The layman who reported this admitted he went away from the service with a sense of holy disgust. His friend had little church background, was not a person of faith, and might therefore be mystified by those unexplained little cups and bits of bread. Or the absence of explanation may have robbed him of spiritual enlightenment.

Ritual, in the present case, means the prescribed words and actions that we use in church repeatedly to refresh memory, clarify understanding and deepen conviction. “The ritual of the Lord’s supper reinforces our understanding of Christ’s death and resurrection, and the grace He imparts as we remember.” Served with skill, and in the Spirit, the words themselves can do real work in communicants’ hearts and minds.

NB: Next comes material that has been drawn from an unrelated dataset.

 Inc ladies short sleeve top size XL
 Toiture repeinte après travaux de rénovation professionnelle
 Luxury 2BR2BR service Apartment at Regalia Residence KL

Our forefathers bequeathed to us the core arrangement of these words to accompany the symbolic actions of the Lord’s Supper. What value should we seek in them? (1) They define who may partake. (2) They review for us the meaning of Christ’s atonement. (3) They remind us that repentance is always needed in the Christian life, and they prompt us to repent. (4) They also prompt us to review the seriousness of our commitment to Christ. (5) They unite us as a body around common declared Christian beliefs. (6) And above all, they prompt us to give thanks — eucharist! Who can question these values?

Without the words, only the communicants have an understanding of what the acted ritual is saying, and even they may need the detailed reminder.

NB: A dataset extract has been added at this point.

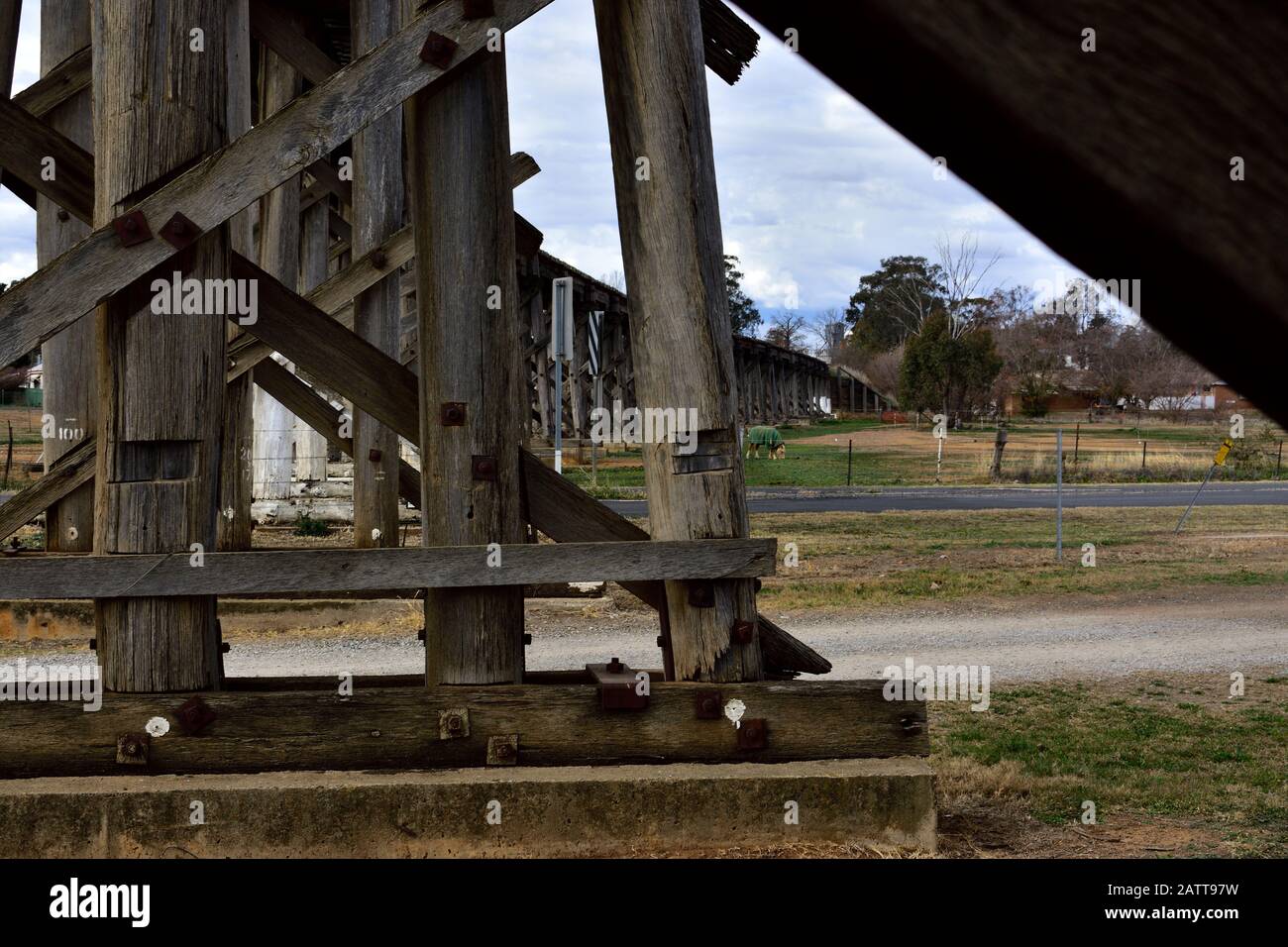 Viadotto ferroviario in legno Foto Stock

When I was a college pastor, I sometimes had communion for the whole of Sunday afternoon in 30-minute segments. First it was for college freshmen who were believers or seekers, then for the sophomores, followed by the juniors and then seniors. During the last 90 minutes I served the three large adult Sunday School classes, serving the eldest last.

It was not lost on me that the oldest seemed to feel the deepest gratitude. There were tears. I assumed it was because those who had served the Lord the longest understood and felt the need for atonement most deeply. The depth of gratitude seemed to be the fruit of a deep and mature faith.

The Sunday after New Years I served communion for the first time in many years. I confess that I heard the words of the service more deeply and movingly than I recall ever before. I believe the congregation was helped by the conviction with which I led the ritual and served the elements.

The ritual can be fresh and doesn’t need to seem formal if the server has prepared his own heart and feels deeply the truth of what is being read. That was evidenced by the response of the elderly who had heard the words most often.

So why did the pastor described above have such a deep resistance to the spoken ritual of the Lord’s Supper? This was not his only case of resistance in worship. He never invited his congregation to pray the Lord’s Prayer together, never had them sing the Doxology, and intensely avoided the riches of the hymn book. Liturgical prescriptions — which are few in number in our more free church worship — may have threatened what he considered his “freedom.”

Or he may never have learned that words have power and that the Holy Spirit can ignite them as messengers of truth in the hearts of God’s people during worship. Perhaps his real commitment was to a sort of folk religion which had no alliance with believers of all ages. Or it even may have been a simple unrecognized resistance to authority that he was acting out in this way.

It has been the long conviction of our denomination that the serving of the elements of the Lord’s Supper needs with it a review of the carefully-stated meaning of redemption. The words are heavy with truth.

As I see it, before and around and behind what is going on between God and the communicant, there is a kind of grand ritual involved in the serving of communion. I believe that instead of cancelling the words that go with it, or abbreviating them severely, it is better to treat the prescribed words and actions with respect and give them the freedom to do their potentially deep, accompanying work in our hearts!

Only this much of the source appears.